Snyder’s glittery boulders, contrasting ancient rocky forms and manufactured plastic razzle-dazzle, wave in the direction of a pop culture sublime. He doesn’t need to include actual cartoons, as the materials themselves, the paint job, is enough to churn up nostalgic, junky, shallow Hollywood dreams. I’m still not quite convinced these particular sculptures are more than non sequiturs, but they seem like the beginning of something.
 
At Providence College’s Hunt-Cavanagh Art Gallery, Barrington artist Jonathan Sylvia’s drawings and collages adopt a similar compositional strategy to Snyder’s paintings. Sylvia’s work isn’t as antic or cartoony, but he too builds abstractions from lots of accumulated elements — in his case, wiggly striped bars that look like wood planks or bacon.
 
In Two By One and One By One, the planks swirl around in space creating a ball-like shape.
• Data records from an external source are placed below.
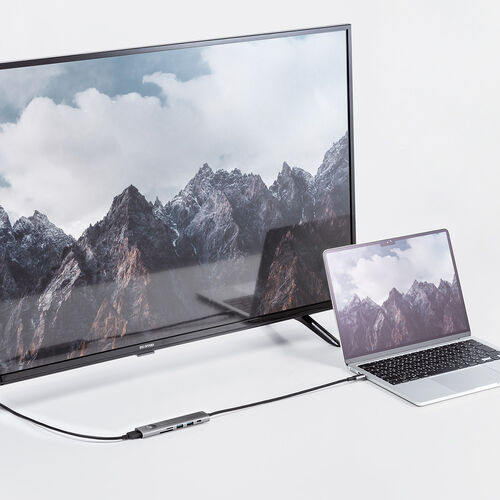 ドッキングステーション（タイプCハブ・画面ON/OFFスイッチ付き・HDMI・4K/60Hz・PD100W・カードリーダー・ケーブル一体型・モバイル・持ち運び） HUBCP31GM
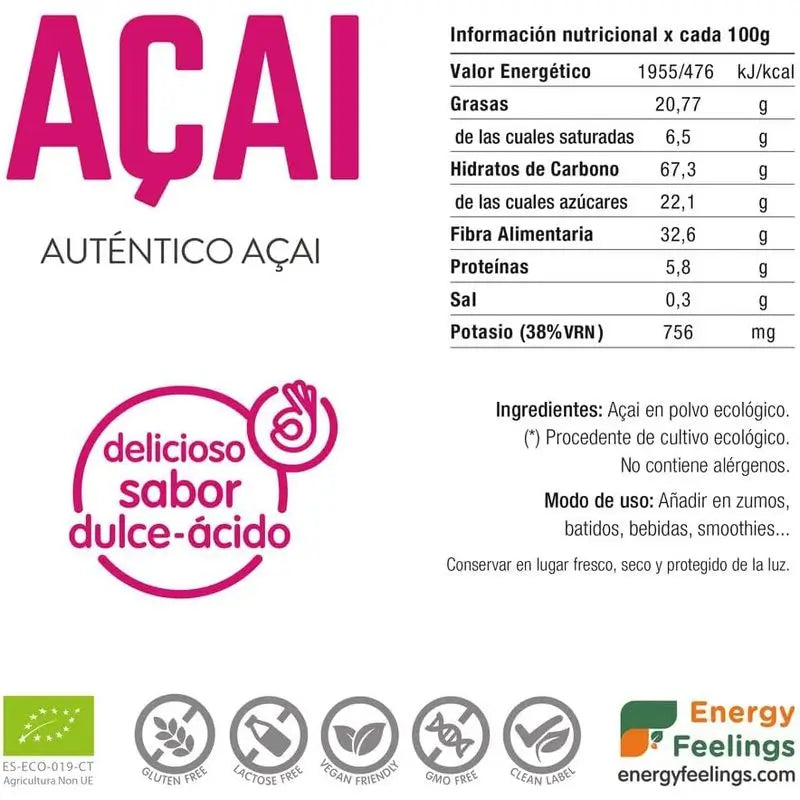 Energy Feelings Açai 1Kg. Eco Vegan Sg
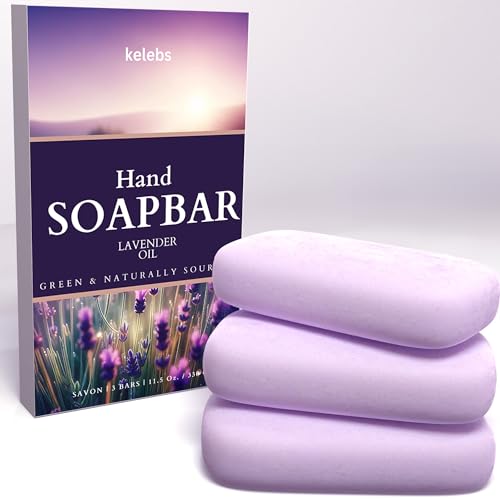 Hand Soap Bar | Hypoallergenic, Natural Lavender Oil, Eco-Friendly, Bulk Pack of 3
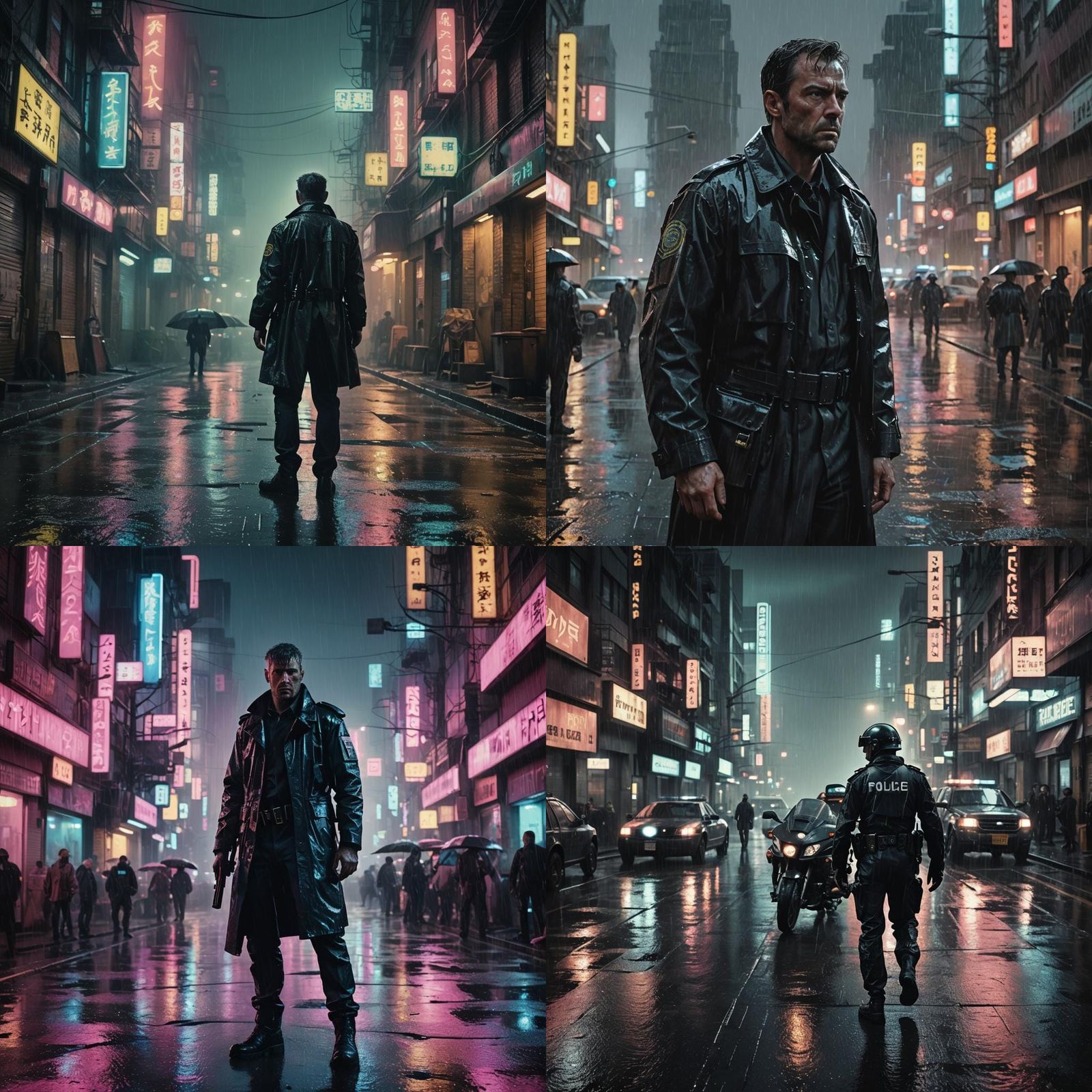 Cinematic Police Enforcer in Cyberpunk Style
It’s as if gravity was coalescing an atom or planet right before our eyes. Sylvia draws the rust-red lines by tracing sketches onto the final work with a carbon paper-type method used by printmakers to transfer drawings onto printing plates. It gives his lines sweet soft edges.
 
Across the gallery, three spotted dogs stand in the foreground in one washy green landscape. Some pieces resemble piles of stones, a row of barns, or teepee-shaped piles of lumber. But Sylvia is strongest when he’s more abstract and playing with the physical properties of his materials. He builds one picture from collaged postage stamps. Another composition is assembled from frosty swatches of layered vellum. But on the whole this work feels tentative, too soft-spoken and polite for its own good.
 
Back at Wheeler Gallery, Paul Mullowney’s prints depict a squatting naked, horned demon; a seated skeleton with a fiery spiral above its head; and a ghost woman drawn from Japanese folktales and theater. The prints are primarily variations of these designs in red and gold, brown and gold, or white and white. Mullowney is a master printer, with a loose, choppy, shimmering Japanesey style. But these feel like imitations, rather than the work of an artist who has digested his influences and found his own thing.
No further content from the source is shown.